Once again, Powell said tinkering with redistribution was the job of elected officials, not the Fed. But he said the recovery after the Great Recession, which followed the 2008 financial crisis, showed that the strategy used by the bank at that time could work again.

By pumping up the economy with monetary stimulus, the Fed helped bring unemployment down to record lows, and statistics now show that before the latest crisis, low unemployment had begun to push wages up.

No nipping inflation in the bud

Unlike after that recovery, the bank’s innovation this time is that it will make no attempt to nip inflation in the bud with precautionary rate hikes. Instead, the Fed’s new policy will be to welcome inflation above two per cent until such time as jobless rates fall again.

One reporter at the news conference expressed concern that such low rates for so long would create an asset bubble in stock markets, leading to a crash.

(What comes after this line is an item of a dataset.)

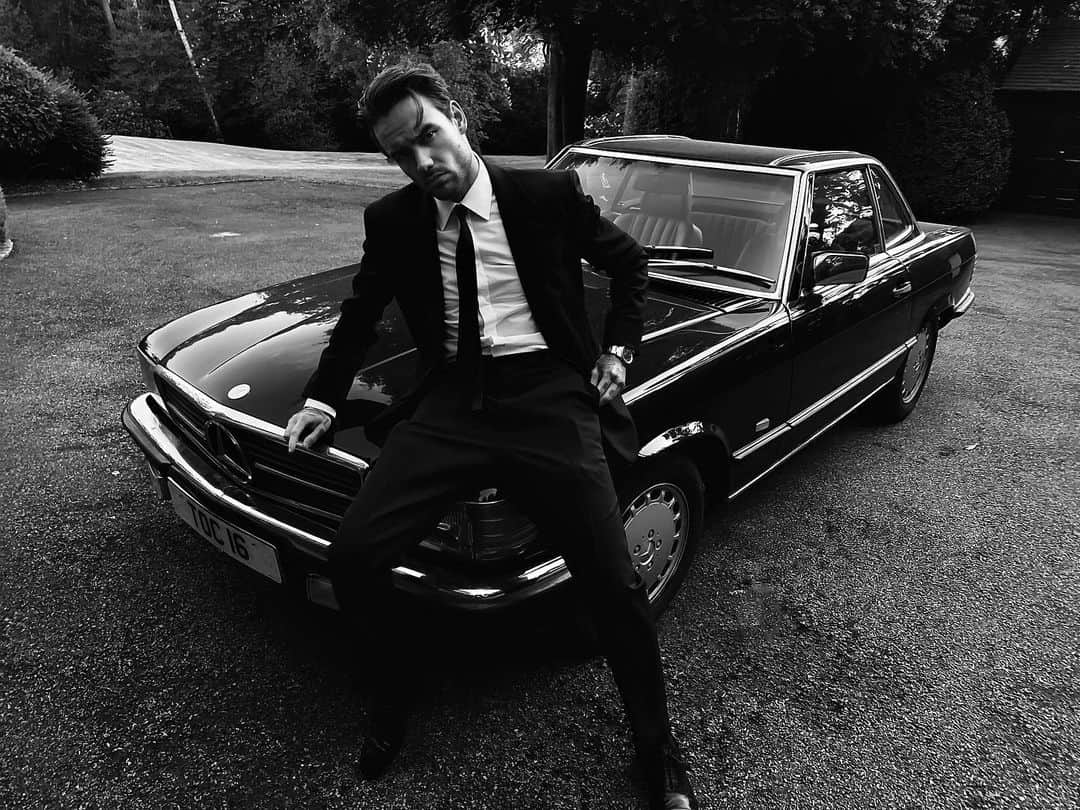 リアム・ペインのインスタグラム：「Nothing better than an old classic… uber liam would you give me 5 ⭐️?  Love and appreciate all of you so so much 🖤」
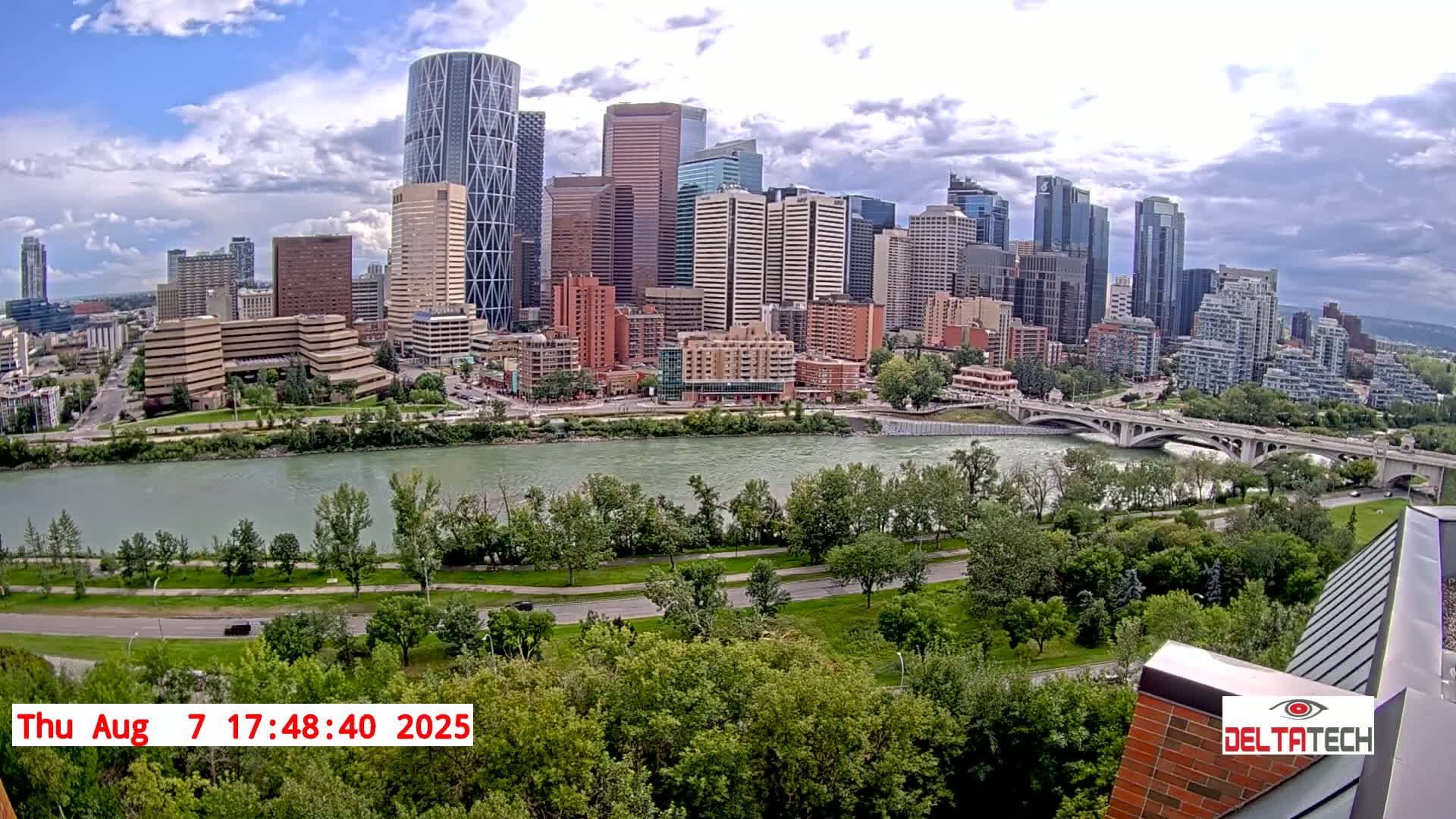 Calgary Skyline  Live Cam - Calgary, Rocky View County and Foothills County, Alberta, Canada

The same worry has been expressed in Canada as home prices soar to new heights.

But Powell said the Fed would keep a close eye on markets and watch for instability.

People look over job applications at an Illinois Department of Employment Security centre in Arlington Heights, Ill., in May. While the U.S. unemployment rate has fallen to just above eight per cent from nearly 15 per cent in April, 11 million people remain unemployed due to the pandemic. (Nam Y. Huh/The Associated Press)

An interesting question that Powell never really answered was whether those 11 million unemployed would get their jobs back only when the face-to-face industries where many had been employed resumed, or whether the economy would have to create new and different jobs.

“All of this recovery we’ve seen is in a context where people are still at risk of catching it, and yet we’re able to resume lots and lots of economic activities,” Powell said, referring to the coronavirus. Defeating the disease with a vaccine or by some other means could mean a sharp rebound.

But until that time, without government support to tide over those from industries where millions remain jobless, “that will show up in economic activity,” he said.

“It will also show up in things like evictions and foreclosures and, you know, things that will scar and damage the economy.”